The tuned Gradient Boosting Classifier delivered the best performance among all tested models, achieving an AUC-ROC of 0.8463 and an accuracy of 80.7% on the test data. These metrics indicate that the model is highly effective at both ranking churn risk and correctly classifying customers.
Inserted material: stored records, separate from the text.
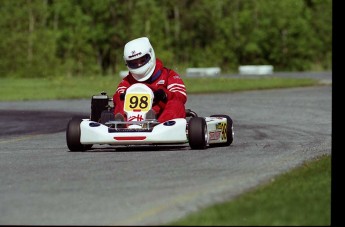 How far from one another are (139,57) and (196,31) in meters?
80.6

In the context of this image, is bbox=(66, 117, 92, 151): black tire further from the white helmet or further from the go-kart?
the white helmet

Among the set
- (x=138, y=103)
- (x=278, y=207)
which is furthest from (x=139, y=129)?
(x=278, y=207)

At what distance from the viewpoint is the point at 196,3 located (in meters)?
97.6

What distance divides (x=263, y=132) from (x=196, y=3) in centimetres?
7727

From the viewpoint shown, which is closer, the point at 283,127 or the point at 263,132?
the point at 263,132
After hyperparameter optimization, the model benefited from:
- A lower learning rate (0.01), which allowed it to learn more gradually and avoid overfitting.
- A moderate tree depth (max_depth=4) and small leaf size, which helped capture patterns without introducing noise.
- A larger number of estimators (300), improving performance through additional iterations.
- Use of subsampling (subsample=0.8), which enhanced generalization by adding randomness during training.

## Overall Conclusion

This project aimed to build a reliable machine learning model to help Interconnect Telecom identify customers likely to churn. By predicting churn risk, the company can proactively offer incentives to retain valuable clients and reduce customer turnover.

**Key Accomplishments:**
- Data Integration & Preparation: We merged four datasets containing contract, personal, internet, and phone service information for 7,043 customers. We cleaned missing values, engineered a binary target variable (churn), and one-hot encoded categorical features for modeling.
- Exploratory Data Analysis: Analysis revealed that ~26.5% of customers churned. Service types, contract length, and payment methods appeared to have potential influence on churn behavior.
- Model Development: Several models were tested and evaluated using AUC-ROC and Accuracy:
    - Logistic Regression: AUC-ROC = 0.826, Accuracy = 78.8%
    - Random Forest: AUC-ROC = 0.822, Accuracy = 79.4%
    - Gradient Boosting: AUC-ROC = 0.841, Accuracy = 79.6%
    - KNN, SVM, Stacking were also tested, but Gradient Boosting showed the strongest performance.
- Model Optimization: Gradient Boosting was further tuned using GridSearchCV. The final tuned model achieved:
    - AUC-ROC = 0.8463
    - Accuracy = 80.7%

These metrics meet the project’s success threshold of AUC-ROC ≥ 0.81 and suggest the model is effective at identifying high-risk churners.

**Final Recommendation:**

The tuned Gradient Boosting Classifier is the best candidate for deployment. It offers strong predictive power and generalization, and can be integrated into the company’s CRM or retention workflow to prioritize customer outreach. Future improvements may involve retraining on more recent data, adding customer interaction history, or testing deep learning approaches for further gains.